Tips for development

If you’re an ENTJ, consider these as avenues for development:

  • Build personal relationships at work

    You take a no nonsense approach to work, and you prefer to get straight to the point. But understand that some people like to build relationships with people at work and they become more effective when working with people they like personally. 

    Occasionally, approach a colleague at work and ask them out for coffee and have a chat with them, with no agendas. Be comfortable with sharing a little of your personal life and allow others to share theirs. 

    You will find a good relationship goes a long way at the workplace.

  • Listen to others before you make a decision

    You are decisive, but you may tend towards being too decisive, i.e impulsive in the eyes of others. Learn to be more patient with other communication styles and seek to understand the perspective of others before you make a decision or conclusion.
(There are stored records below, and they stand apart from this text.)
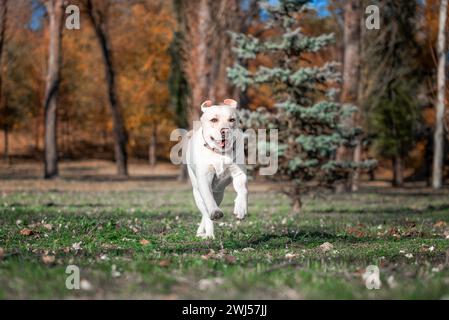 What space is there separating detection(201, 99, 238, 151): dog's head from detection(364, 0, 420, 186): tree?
1896cm

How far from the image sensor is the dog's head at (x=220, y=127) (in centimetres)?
862

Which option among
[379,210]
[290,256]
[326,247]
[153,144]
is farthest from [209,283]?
[153,144]

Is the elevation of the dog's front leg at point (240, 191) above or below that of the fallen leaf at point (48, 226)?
above

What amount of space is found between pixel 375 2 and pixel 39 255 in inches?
987

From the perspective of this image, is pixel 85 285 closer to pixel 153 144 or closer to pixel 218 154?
pixel 218 154

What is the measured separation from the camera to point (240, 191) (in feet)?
28.3

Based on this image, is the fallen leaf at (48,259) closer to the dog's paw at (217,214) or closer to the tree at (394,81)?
the dog's paw at (217,214)

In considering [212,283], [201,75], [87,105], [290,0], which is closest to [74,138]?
[87,105]

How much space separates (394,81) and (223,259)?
28274mm

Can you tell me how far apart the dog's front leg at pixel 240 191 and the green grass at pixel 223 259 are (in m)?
0.52

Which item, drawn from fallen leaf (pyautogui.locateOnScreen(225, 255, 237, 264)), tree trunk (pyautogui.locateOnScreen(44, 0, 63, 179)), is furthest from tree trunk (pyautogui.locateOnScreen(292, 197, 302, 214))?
tree trunk (pyautogui.locateOnScreen(44, 0, 63, 179))

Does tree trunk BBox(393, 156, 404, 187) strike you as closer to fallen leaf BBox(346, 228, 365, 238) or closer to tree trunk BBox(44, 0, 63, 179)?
tree trunk BBox(44, 0, 63, 179)

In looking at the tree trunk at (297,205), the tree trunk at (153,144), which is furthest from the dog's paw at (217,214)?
the tree trunk at (153,144) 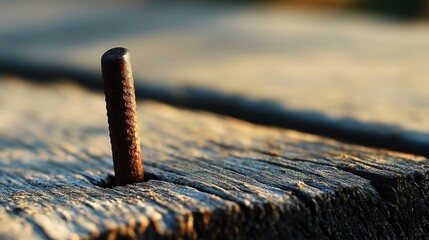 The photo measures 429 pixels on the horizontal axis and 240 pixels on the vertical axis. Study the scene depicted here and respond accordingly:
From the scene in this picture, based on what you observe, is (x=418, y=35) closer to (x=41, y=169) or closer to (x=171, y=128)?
(x=171, y=128)

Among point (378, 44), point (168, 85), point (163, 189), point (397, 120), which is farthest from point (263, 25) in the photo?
point (163, 189)

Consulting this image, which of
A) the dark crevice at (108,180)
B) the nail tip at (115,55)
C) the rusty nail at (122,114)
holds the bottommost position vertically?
the dark crevice at (108,180)

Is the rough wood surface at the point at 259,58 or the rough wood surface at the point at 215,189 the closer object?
the rough wood surface at the point at 215,189

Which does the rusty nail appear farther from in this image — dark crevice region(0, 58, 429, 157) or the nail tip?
dark crevice region(0, 58, 429, 157)

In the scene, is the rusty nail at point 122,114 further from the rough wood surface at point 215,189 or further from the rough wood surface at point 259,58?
the rough wood surface at point 259,58

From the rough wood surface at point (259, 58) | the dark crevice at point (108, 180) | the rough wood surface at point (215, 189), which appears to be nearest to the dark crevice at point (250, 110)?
the rough wood surface at point (259, 58)

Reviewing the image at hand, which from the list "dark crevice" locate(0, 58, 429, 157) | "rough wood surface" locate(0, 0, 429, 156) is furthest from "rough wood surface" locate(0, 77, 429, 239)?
"rough wood surface" locate(0, 0, 429, 156)

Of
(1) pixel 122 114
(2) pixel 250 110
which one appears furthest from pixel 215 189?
(2) pixel 250 110

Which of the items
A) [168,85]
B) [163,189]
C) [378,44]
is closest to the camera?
[163,189] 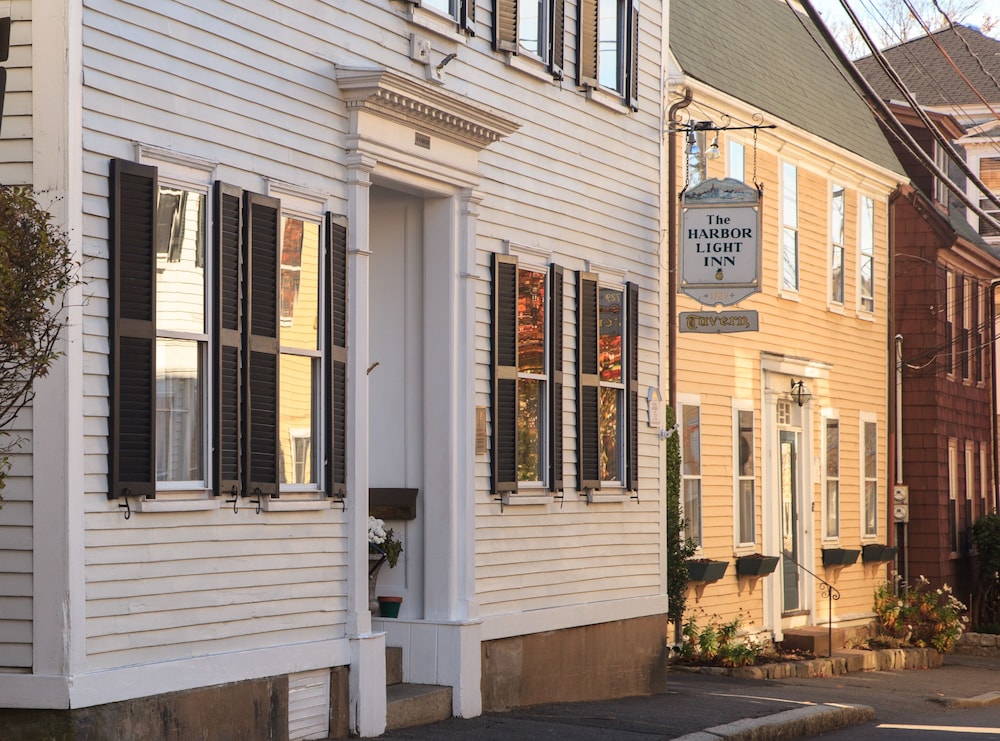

    Try to see the merits of other’s perspective and integrate them with your own perspective. You will end up with a more wholesome solution.  Also learn to listen emphatically to others.
  • Speak in practical language

    You may prefer to speak in concepts, the abstract and the big picture, but understand that many people only understand it when you put it in practical, direct applicable, actionable ways. 

    When you share a vision or an idea, try to break it down for people into sequential, concrete steps to what they can do so that they will move ahead with the progressing of the idea.